(Data records Opens)

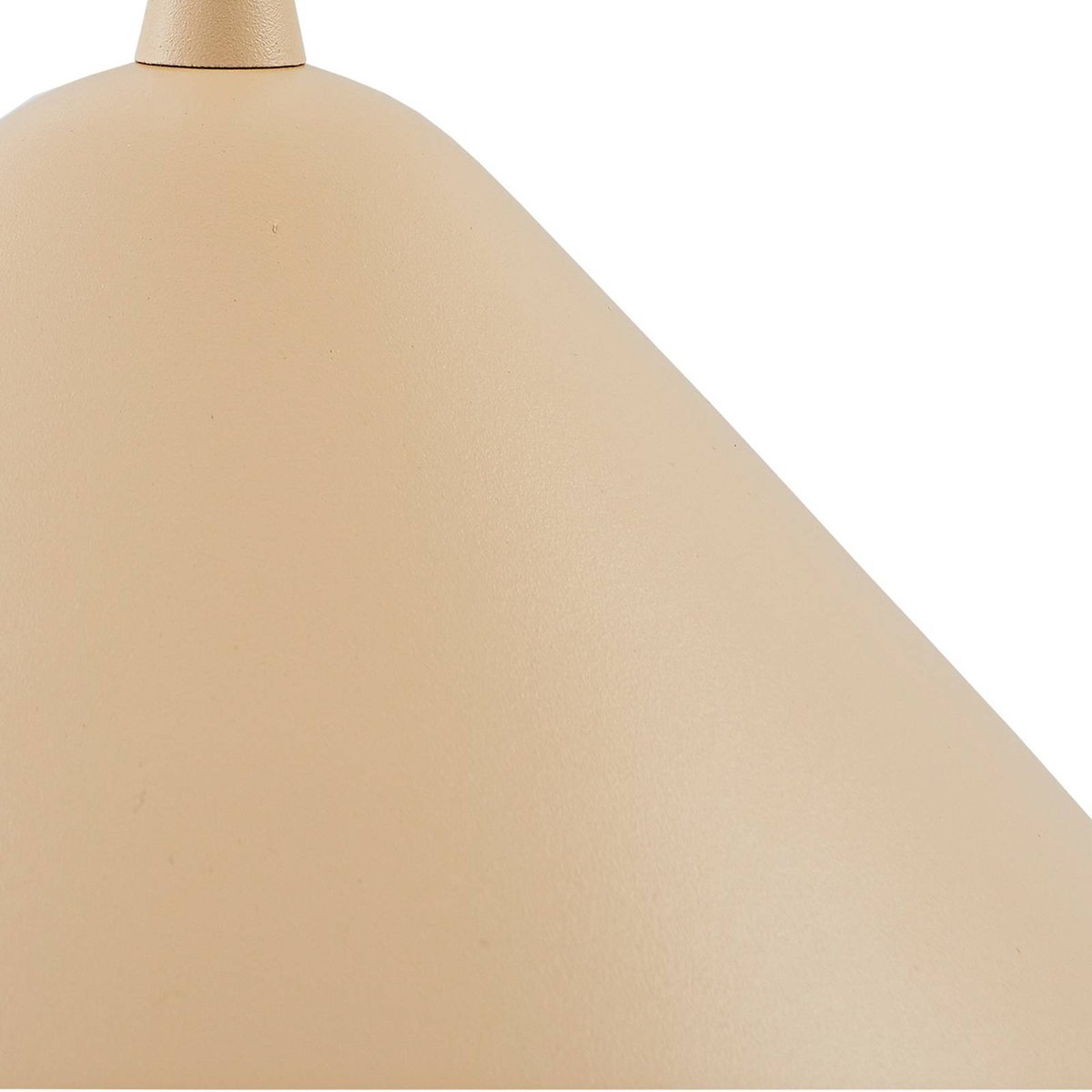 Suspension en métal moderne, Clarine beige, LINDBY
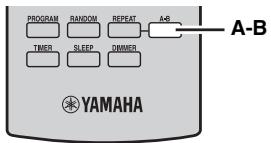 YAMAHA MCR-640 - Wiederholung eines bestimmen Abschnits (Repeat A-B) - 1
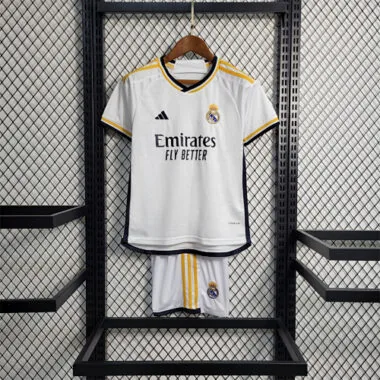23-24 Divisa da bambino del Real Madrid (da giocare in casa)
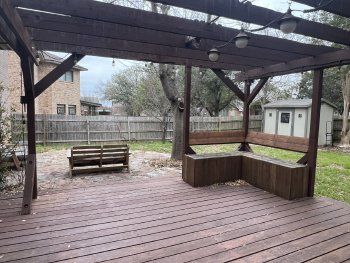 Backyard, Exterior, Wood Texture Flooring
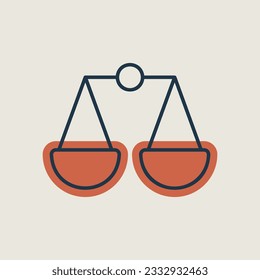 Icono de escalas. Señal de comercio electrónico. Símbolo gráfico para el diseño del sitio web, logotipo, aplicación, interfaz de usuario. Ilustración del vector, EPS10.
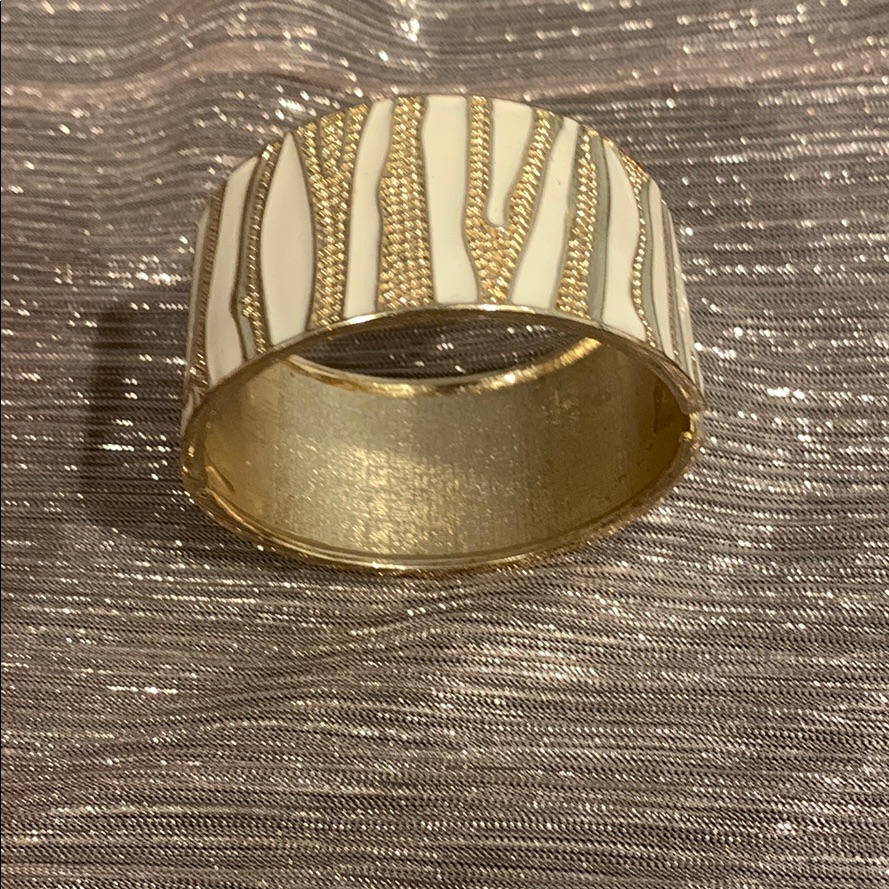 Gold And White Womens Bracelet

(Data records Closes)

# How to complete this task
What you write must match, line for line, the lines from the one with "Icono de escalas." through the last line of the data above, minus the pictures.

# Solution below
 Icono de escalas. Señal de comercio electrónico. Símbolo gráfico para el diseño del sitio web, logotipo, aplicación, interfaz de usuario. Ilustración del vector, EPS10.
 Gold And White Womens Bracelet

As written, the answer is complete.